WHAT. A. SUNDAY.
If you thought Saturday was dramatic with Arsenal bottling it at Villa Park and Liverpool imploding at Elland Road, then hold onto your hats because the final day of matchday 15 delivered even MORE chaos.
Crystal Palace are now in the TOP FOUR. Let that sink in for a moment. The Eagles, who most people had written off as mid-table fodder, are sitting pretty in the Champions League spots after a gutsy 2-1 win at Craven Cottage. And they did it the hard way, as they always seem to do these days.
The Cottage curse continues
Poor old Fulham. Marco Silva must be wondering what he has to do to beat Palace at home.

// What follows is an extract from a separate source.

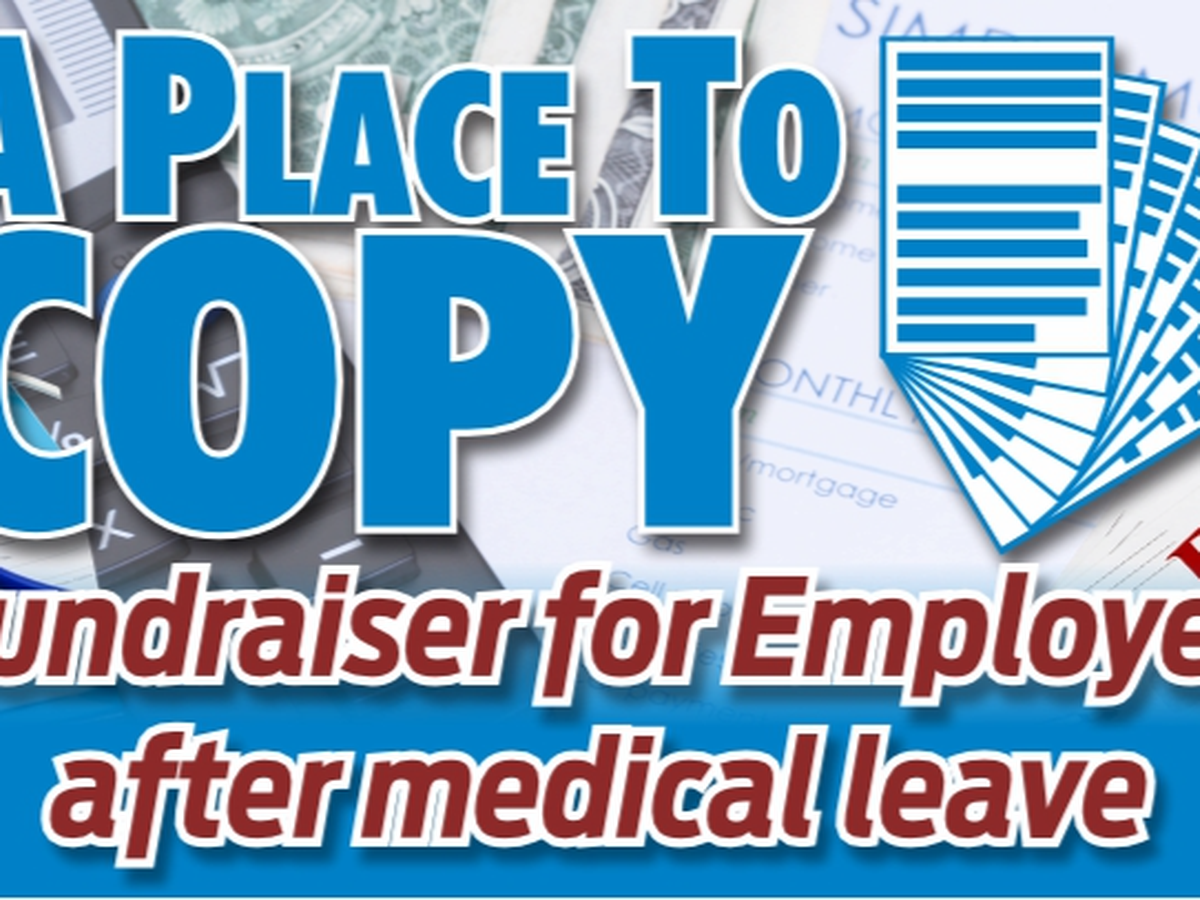Fundraiser’s main image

The Cottagers have not beaten the Eagles at Craven Cottage since 2005 - TWENTY YEARS of pain - and that streak continued in agonising fashion.

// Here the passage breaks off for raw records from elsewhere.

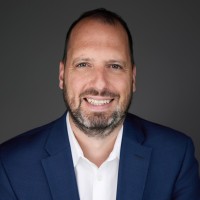 Benedikt Kuehne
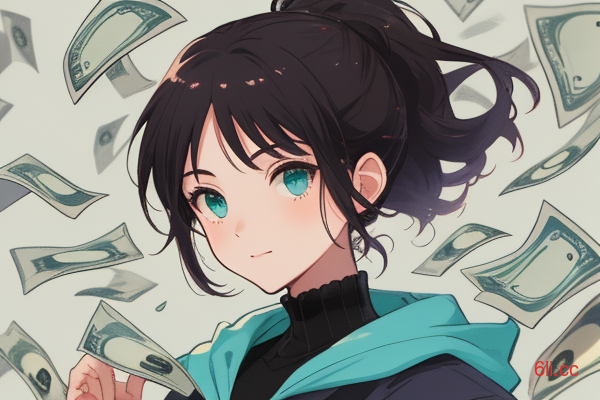 大学生创业者有哪些特质和能力（大学生创业具有哪些特点）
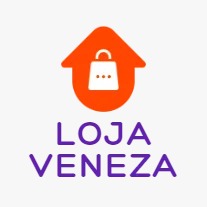 Loja Veneza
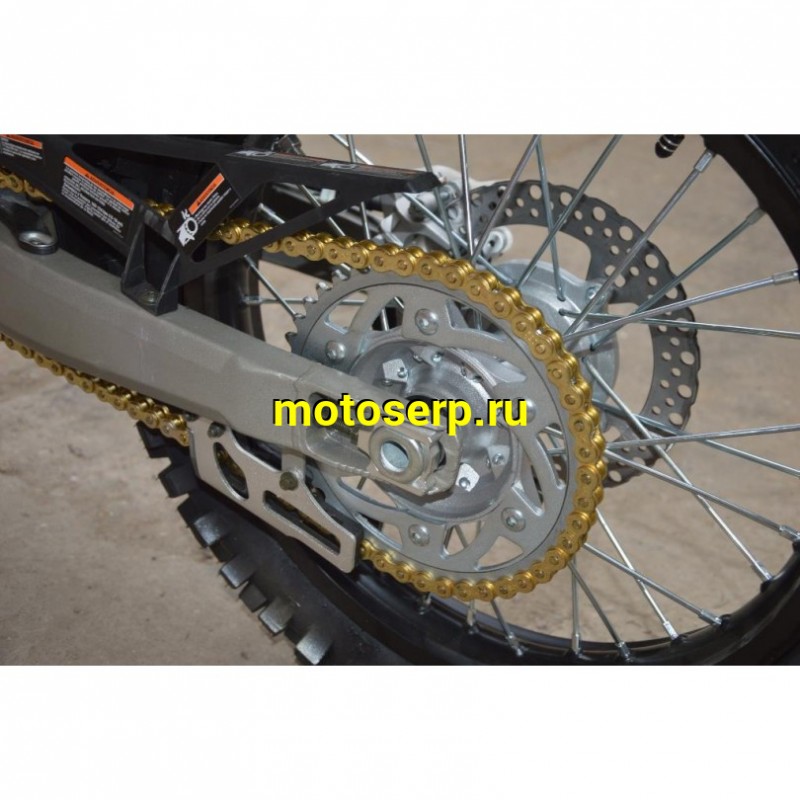 Купить  ====Мотоцикл Кросс/Эндуро AVANTIS A7 (ПТС), 21/18, 172FMM, 4Т, возд. охл. (шт).  купить с доставкой по Москве и России, цена, технические характеристики, комплектация фото  - motoserp.ru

Eddie Nketiah opened the scoring on 20 minutes, showing exactly why Oliver Glasner brought him in from Arsenal. The forward latched onto Adam Wharton's inch-perfect through ball and swept home with the composure of a seasoned finisher. That is what he does when you give him minutes, Mikel!

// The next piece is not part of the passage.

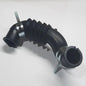 DC97-17339B Assy Hose Air for Samsung Washing Machine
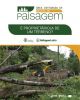 AIGP | &Aacute;rea Integrada de Gest&atilde;o da Paisagem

But Fulham are no pushovers, and Harry Wilson produced something special to level things up before half-time. A gorgeous trivela finish - that is the outside of the boot for you non-technical types - after a lovely one-two with Raul Jimenez. Jamie Redknapp was absolutely purring in the Sky Sports studio. Undefendable, he called it. Cannot argue with that.
The second half was end-to-end stuff. Fulham thought they had nicked it when Emile Smith Rowe pounced on a rebound after Alex Iwobi rattled the post, but VAR spotted Samuel Chukwueze was marginally offside in the build-up. Brutal. Absolutely brutal.
And then, with five minutes to go, up popped captain fantastic Marc Guehi to power home a header from Yeremi Pino's corner. The England defender rose like a salmon and buried it past Bernd Leno. Craven Cottage went silent. The away end went absolutely mental.
Palace move to 26 points and fourth place. Fourth! Glasner is working miracles at Selhurst Park.
Bowen brilliance not enough for sorry Hammers
Meanwhile, down on the south coast, West Ham thought they had finally ended their miserable run against Brighton with one of the most extraordinary goals you will ever see.
Jarrod Bowen, God bless him, produced a moment of pure genius in the 73rd minute. Callum Wilson drove forward and slipped the ball to Bowen, who was racing alongside Ferdi Kadioglu. What happened next defied all logic. Bowen essentially TACKLED the ball into the net, sliding it away from Kadioglu and somehow guiding it across Bart Verbruggen and into the far corner all in one motion.
Incredible. Sensational. A goal of the season contender, no doubt about it.
The problem for Nuno Espirito Santo is that his side could not hold on. Brighton were poor - they did not register a single shot on target until the 89th minute, would you believe - but they kept pushing and pushing.
And in the 91st minute, Georginio Rutter popped up to break West Ham hearts. Jan Paul van Hecke nodded the ball across and Rutter was there to sweep home. Cue absolute pandemonium at the Amex.
There was controversy, mind. In the build-up, Rutter appeared to control the ball with his hand, but after a VAR check the goal stood. West Ham were furious. Nuno was steaming on the touchline.
The draw leaves West Ham in 18th place with 13 points, still stuck in the relegation zone. They simply cannot buy a clean sheet - that is now 12 games without one. Brighton move to 23 points and stay seventh, but Fabian Hurzeler will know his side got away with one there.
Looking ahead - Monday Night Football
The final match of this bonkers weekend sees Wolves host Manchester United at Molineux tomorrow night. The hosts are ROCK BOTTOM with just two points from 14 games - an absolute shambles of a season. United, meanwhile, are eighth on 22 points and desperately need a win to keep pace with the European spots.
Ruben Amorim will fancy his chances against a Wolves side that has completely forgotten how to win football matches. But this is United we are talking about - they are just as likely to drop points against the worst team in the league as they are to put five past them.
The title race tightens
After this weekend, the Premier League table makes for fascinating reading. Arsenal still lead on 33 points despite that shocker at Villa Park, but Man City have closed to within five on 28 points. Aston Villa are breathing down their necks on 27, and now Palace have muscled their way into the conversation on 26.
At the bottom, West Ham, Burnley, and Wolves are in serious trouble. The Hammers and Clarets on 13 and 10 points respectively, with Wolves absolutely marooned on just two. Gary O'Neil is a dead man walking at Molineux.
What a weekend. What a league. Roll on matchday 16!